After 3 to 4 minutes, stop the food processor. Depending on how powerful your machine is, the mixture will have turned from crumbs to paste. Scrape the bowl down with a fork or rubber spatula, if necessary, and then taste the mixture. Add more sugar or spices as necessary. Put the lid back on and process for another 1 to 2 minutes. At 5 to 6 minutes (again, time will vary depending on your machine’s motor power), the paste will have started clumping to the sides of the bowl. Ah, the sweet sight of imminent success! At this point, if the mixture is not as fluid or as incorporated as you’d like it to be, add in another 1/2 tablespoon of oil.
Continue to process the mixture. If you added more oil, the mixture will begin to resemble a runny paste similar to old-fashioned peanut butter where the oil floats on top.

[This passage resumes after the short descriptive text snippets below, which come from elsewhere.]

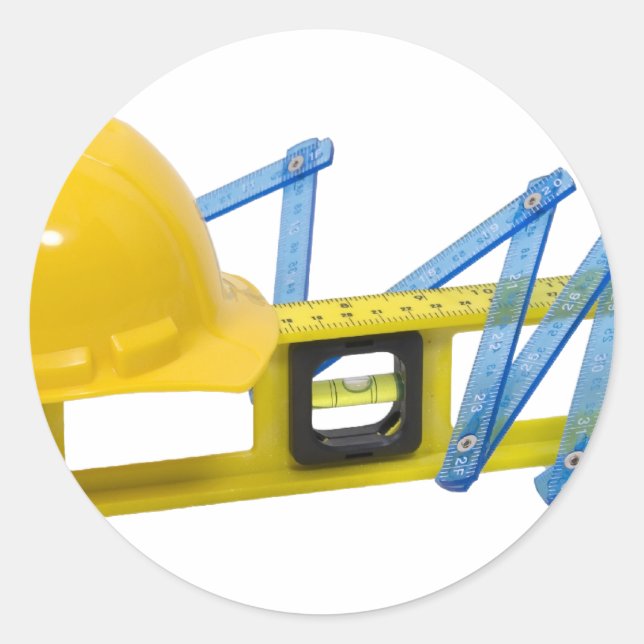 HardHatLevelConstruction062509 Classic Round Sticker (Front)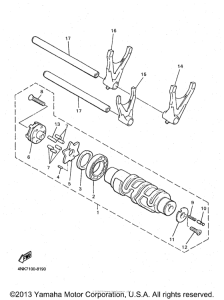 XVZ13AK Shift cam  shift fork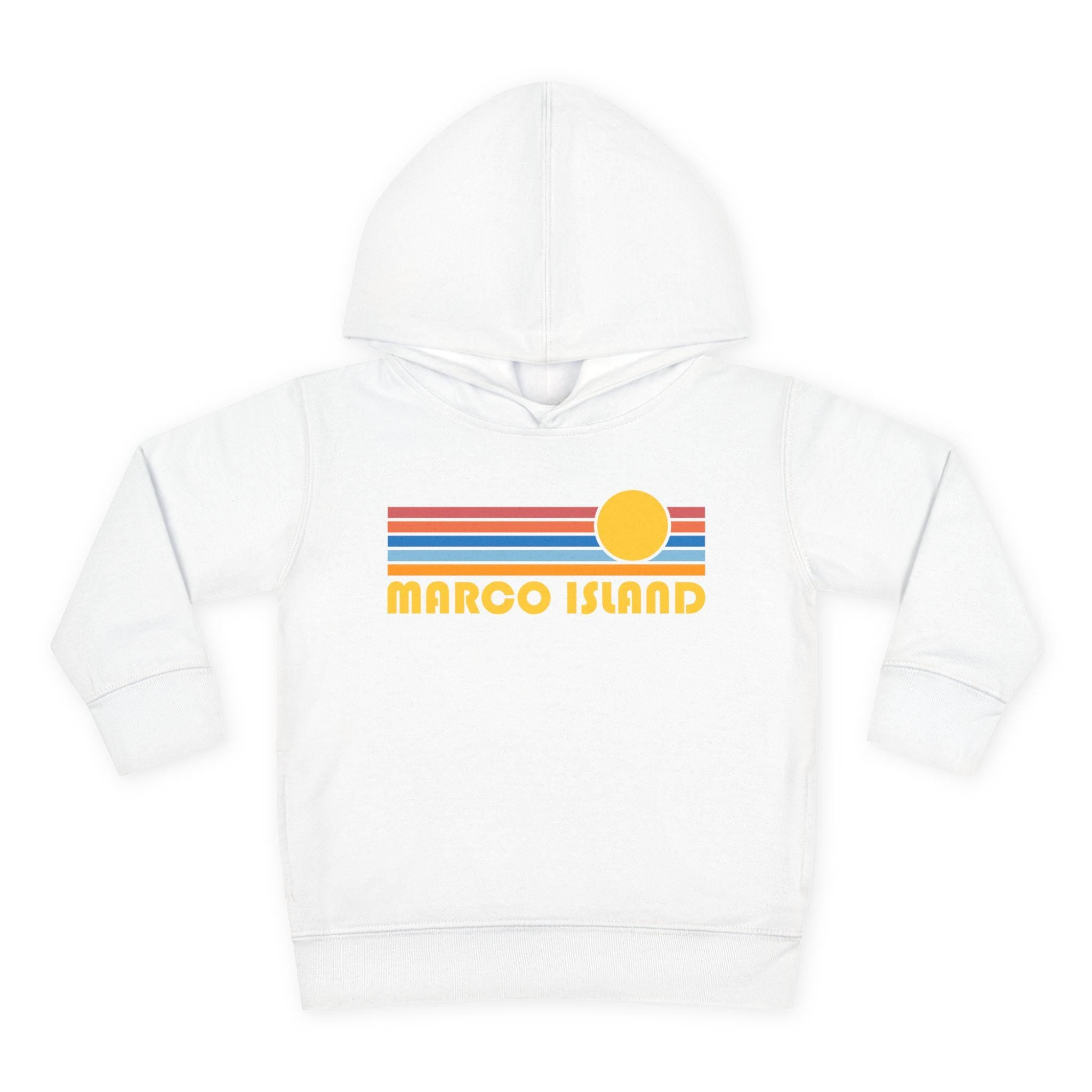 Marco Island Florida Toddler Hoodie Retro Sunrise Unisex Marco Island Toddler Sweatshirt Personalization Available Hoodie – Fan Favorite · High-Quality Print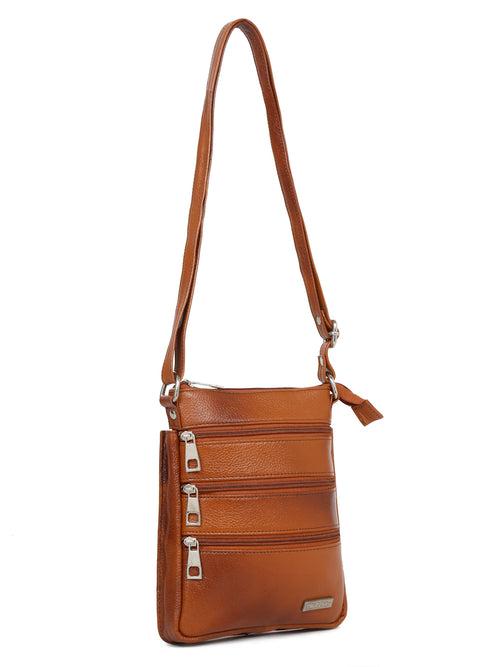 Unisex Tan Leather Sling Bag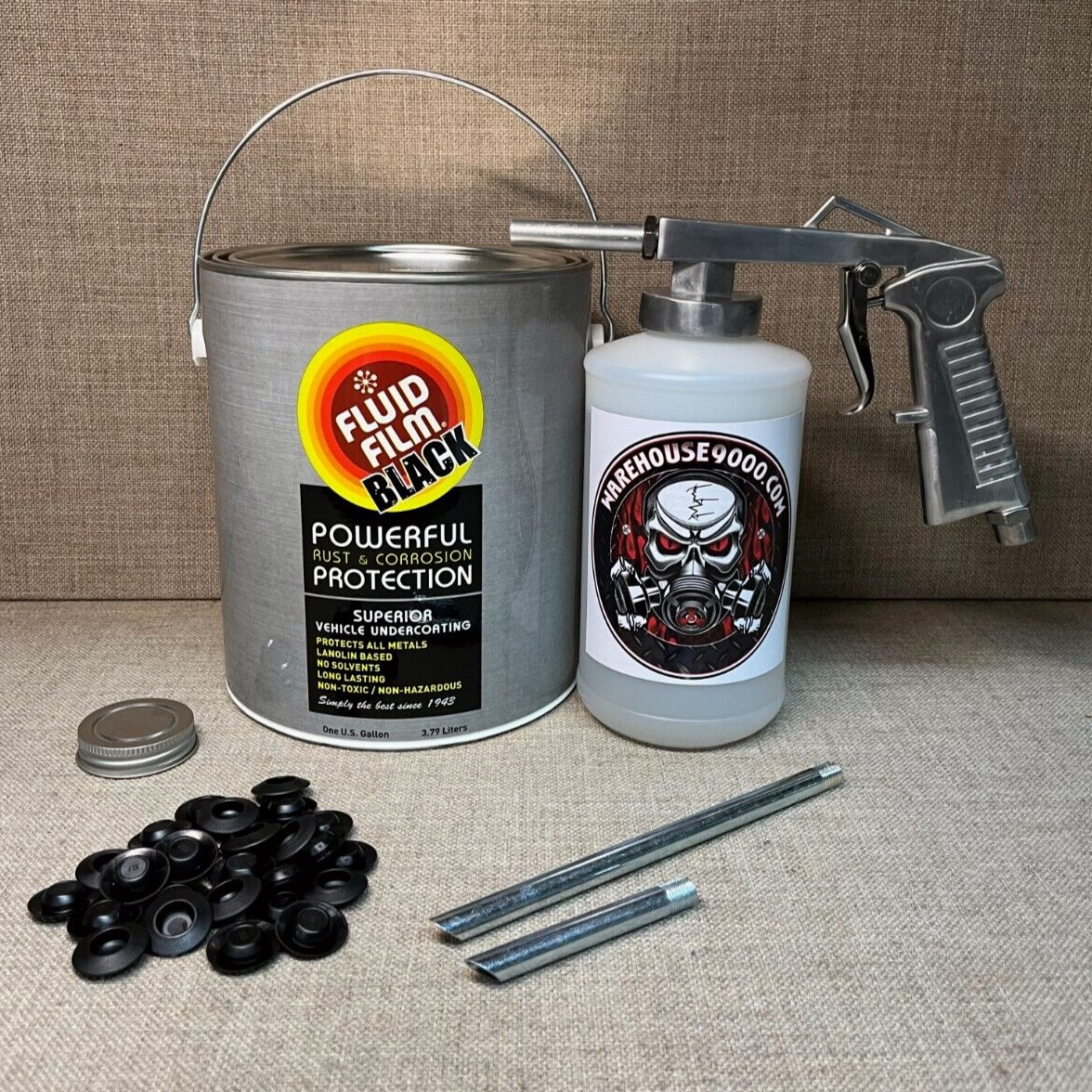 Gallon Fluid Film Black Undercoat with Standard Spray Gun, Qt Bottle, 25 plugs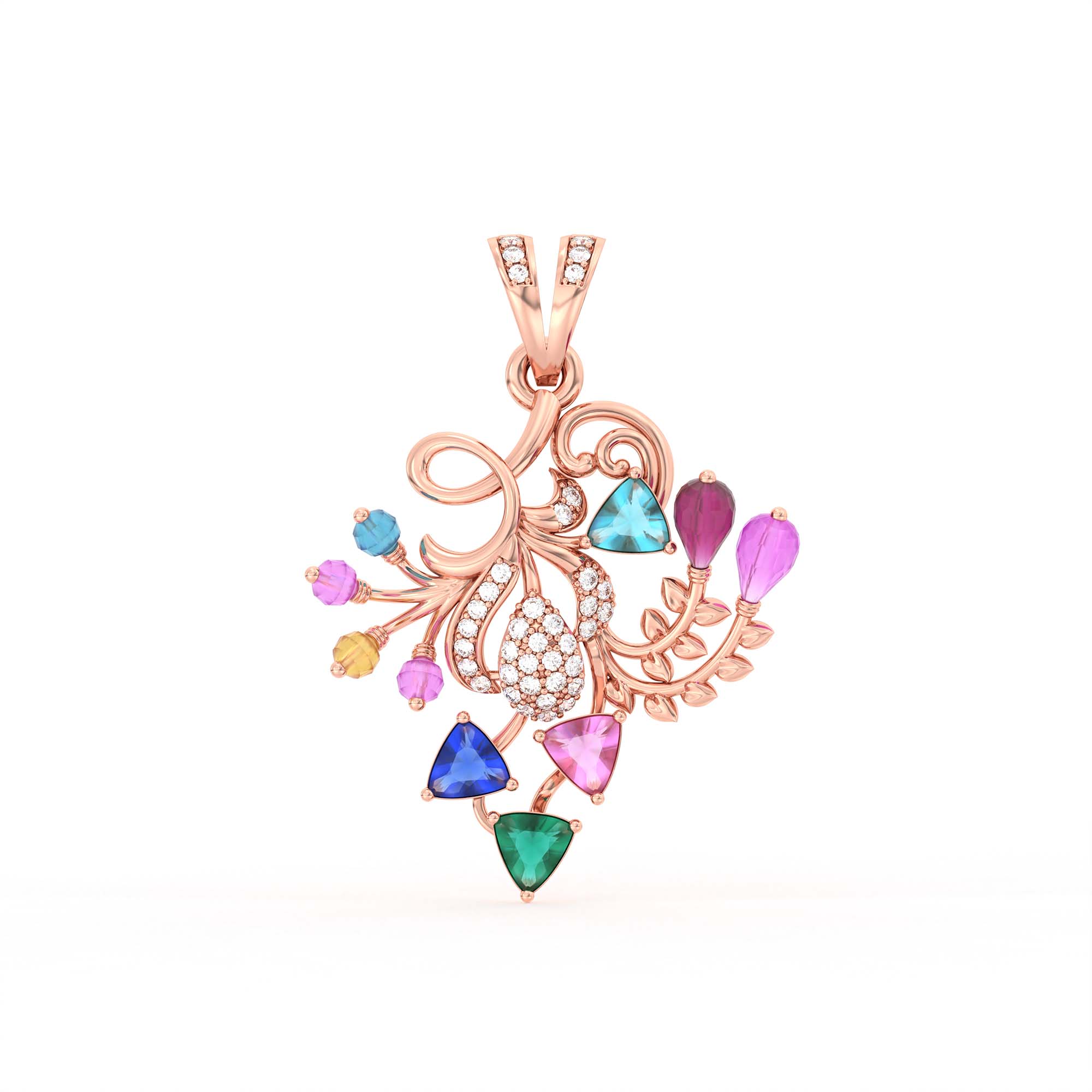 Lab-Grown Diamond Pendant for Women in 18K Rose Gold – 0.08 Ct, 38 Diamonds thumbnail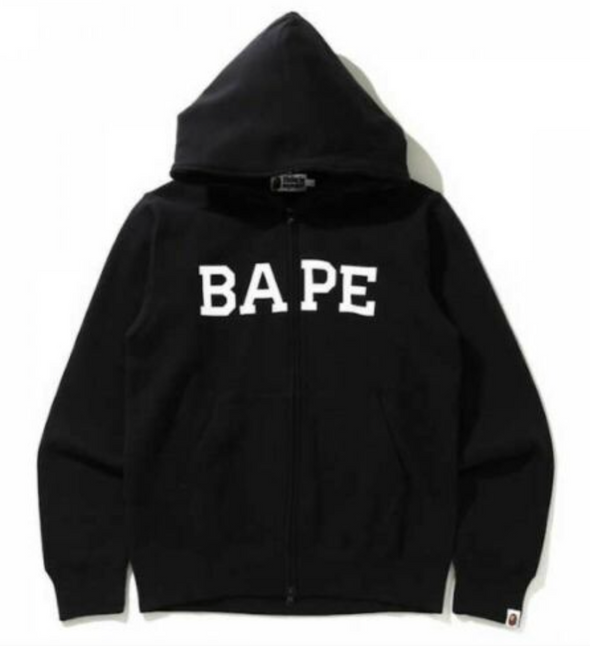 BAPE "Logo and Ape Head" Full Zip Hoodie Black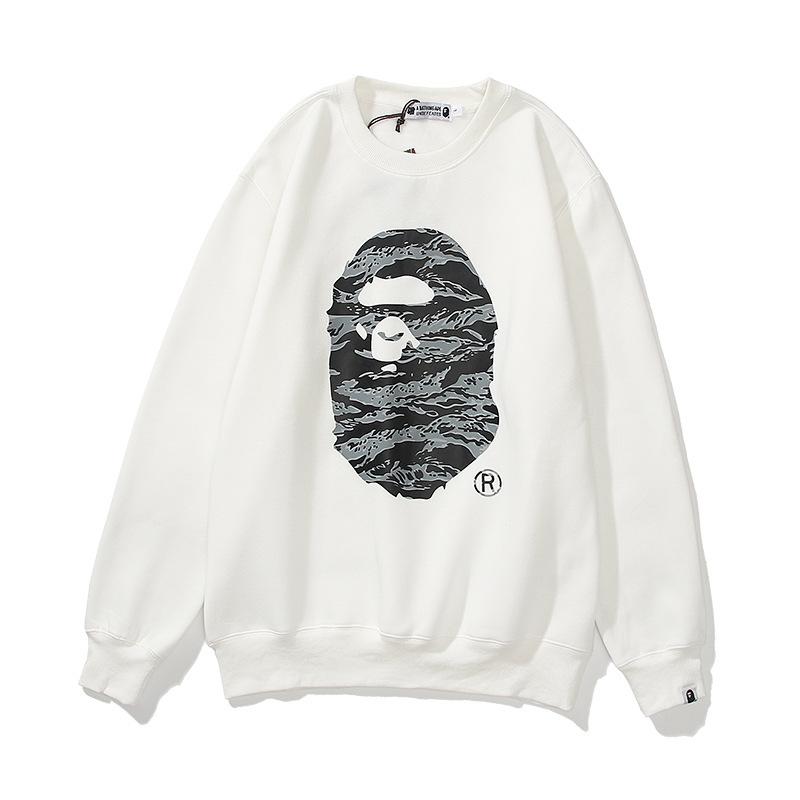 Shark Print Sweatshirts Printed Men's and Women's Casual Fleece-Lined Crew Neck Sweater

You can add more oil a 1/2 tablespoon at a time after every minute of processing, depending on how runny you want your cookie butter to be -- I’ve tried this recipe using up to 1/2 cup of oil. Around 8 to 10 minutes in, you know the end is near when the paste clings to the sides of the bowl. Depending upon how much oil you’ve put in, the consistency will range from that of commercial cookie butter to a very runny cookie butter. Both are desirable… and delicious!
Transfer the cookie butter to a sterilized glass jar with a screw-top, rust-proof lid. Cookie butter will firm up as it cools and some oils may surface. Stir before enjoying, and store at room temperature away from direct heat for up to 5 days.